Implementing retries, timeouts, etc. for jobs you initiate remotely over HTTP
GET requests, and using a token for validating access, seems like a lot more
integration at the customer side than just using cron.

Enforcing timeouts, or preventing them, means changing the web server (Apache)
and runtime system (e.g. mod_php) to allow a process to run for longer than
the default time. If I have access to Apache and PHP config I also have access
to the crontab.

I use cron with HTTP GET requests locally, run with curl so I can set a
timeout and capture the output. Apache restricts those requests to localhost,
so they can't get initiated remotely. I have a simple wrapper that logs when
jobs start and finish, and a monitoring page that shows last run time and
success/fail status.
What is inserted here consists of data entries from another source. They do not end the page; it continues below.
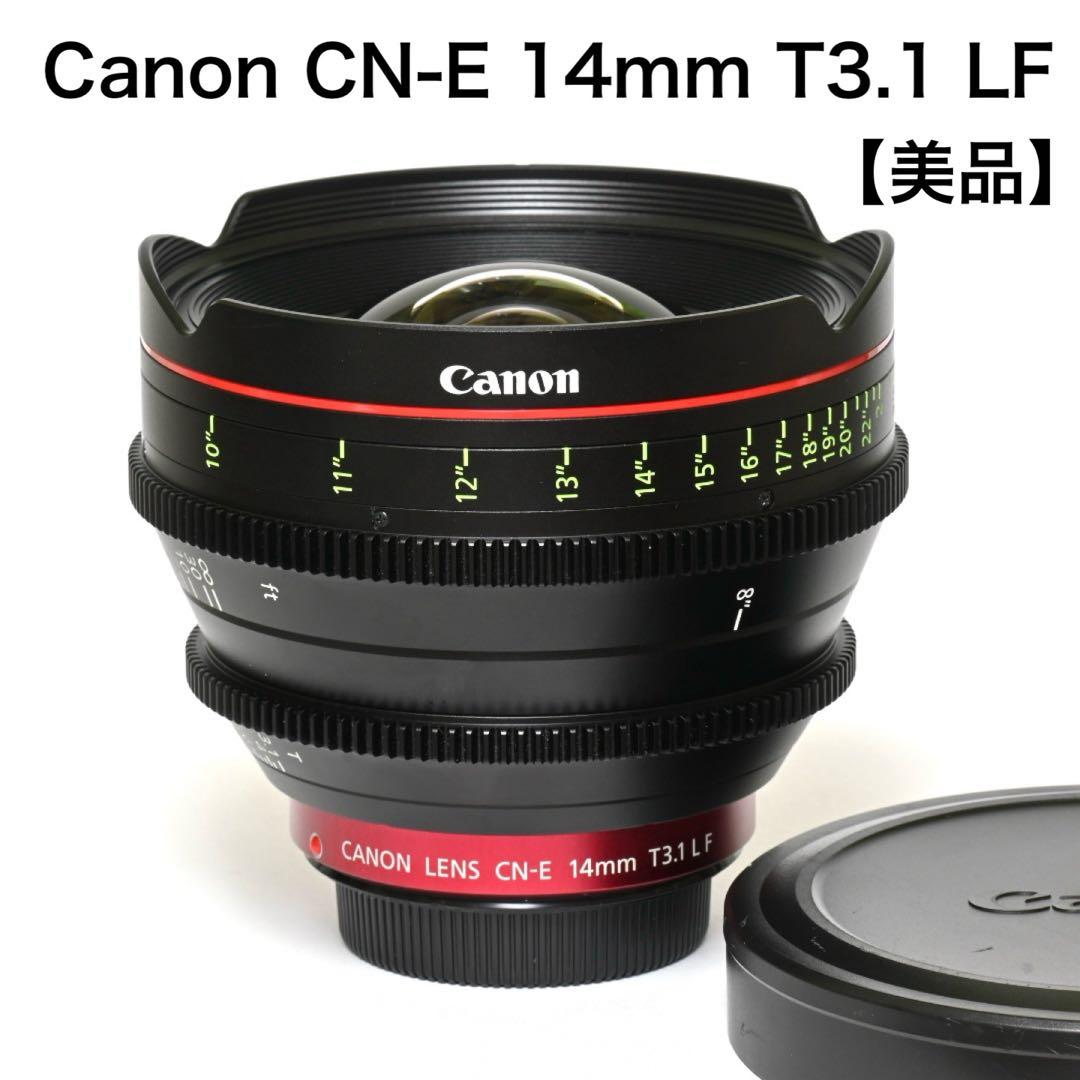 【美品】Canon CN-E 14mm T3.1 LF シネマレンズ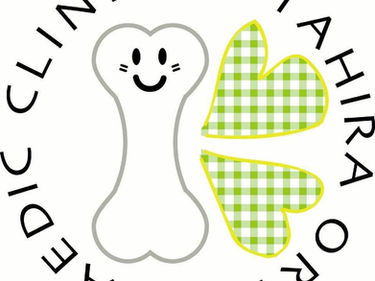 年末年始の診療について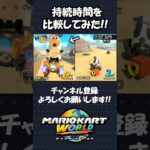 【マリオカートワールド】無敵アイテムがまさかの弱体化！？#shorts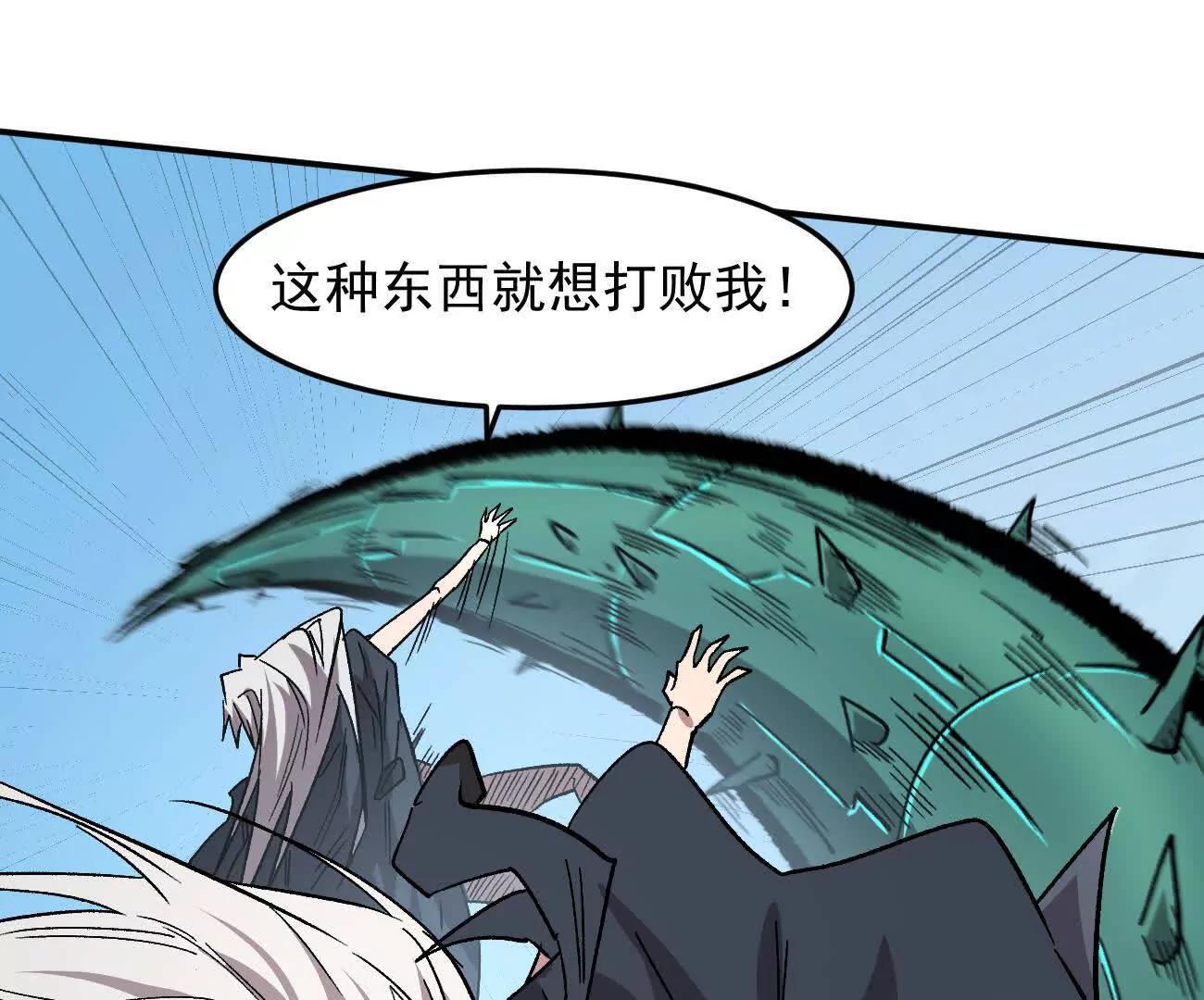 江思先生 - 164話江思可是策略型玩家！(1/4) - 6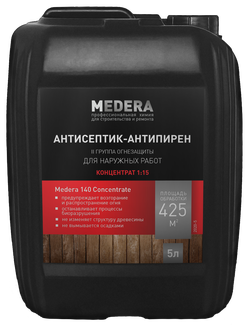 Антисептик-антипирен (II группа огнезащиты), для наружных работ, концентрат 1/15 2020-5 Medera 140 Concentrate 5л Pro-Brite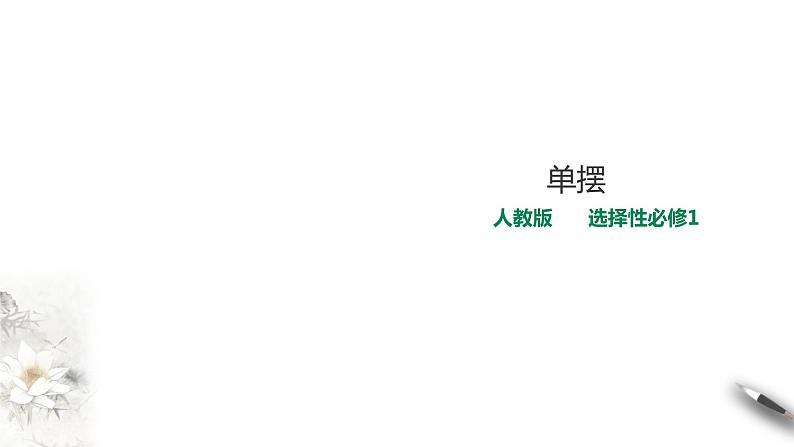 高中人教物理选择性必修一第2章第4节单摆课件01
Every job has an associated estimated time it should run
so the monitor can show jobs that ran too long.

------
jventura
This is a simple application that triggers GET requests periodically. I'm
currently using it to trigger the sending of emails of another of my apps
([http://mailaday.com/](http://mailaday.com/) \- checks due emails every 5
minutes).

This is currently very bare-bones but I'm publishing it here just to see if
people are interested in something like this.
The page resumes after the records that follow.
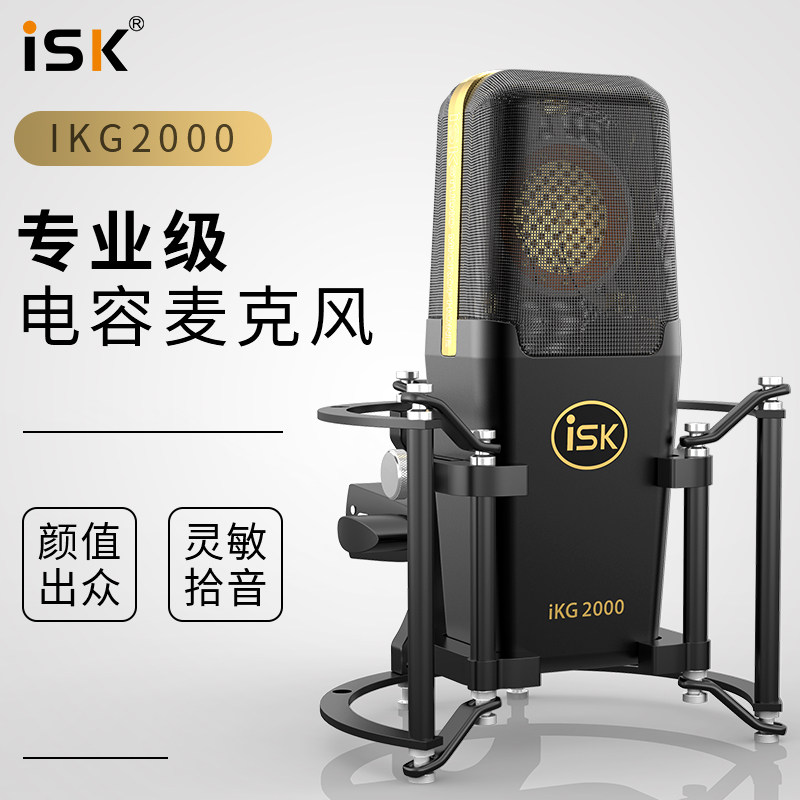 isk手机设备全套主播电容麦克风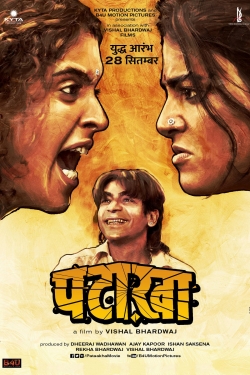 Pataakha-online-free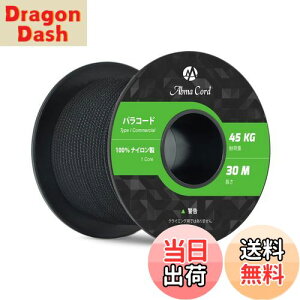 yzAbma Cord pR[h 2mm 1c 50m eg[v KC[v Lv AEghA ANZT[ | DIYp ω׏d45kg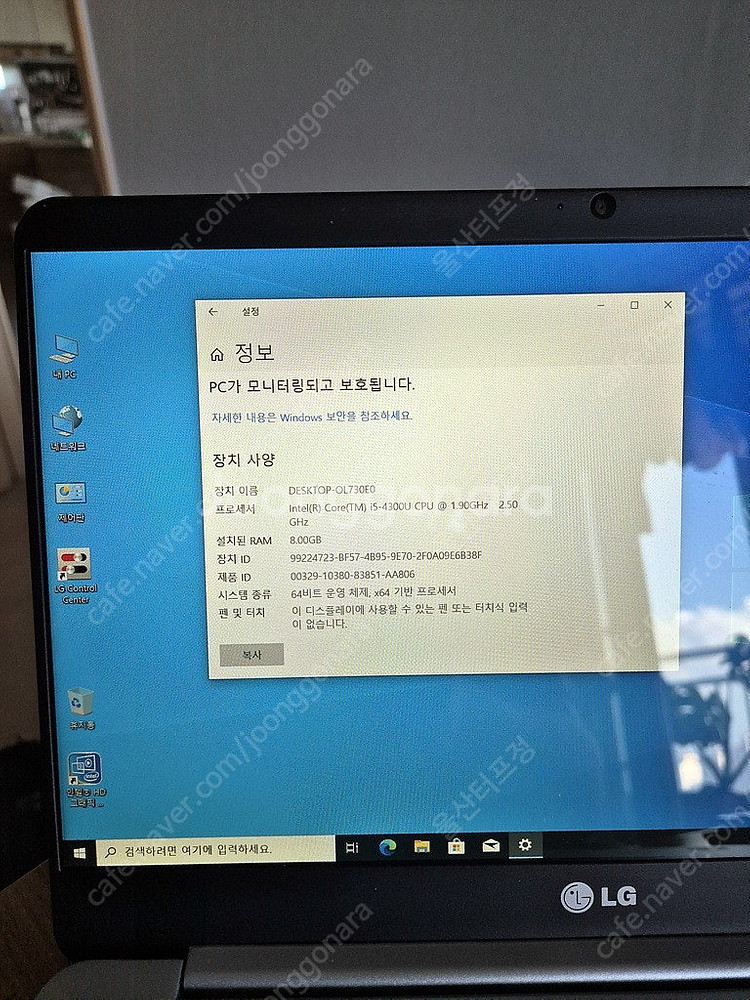 LG GRAM 13Z940 I5 4300U 배터리 교체모델 판매--4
I guess this kind of services may be useful for developers which do not have
access to system crontabs but still want to periodically run some tasks (which
they can program to be ran from a URL endpoint which cronbeats will send a GET
request to), like doing db backups, sending emails, clean the database, etc.

I have a free version which allows users to create 10 cronbeats, but if it
finds interest, I'll find motivation to build the code to the "pro" versions..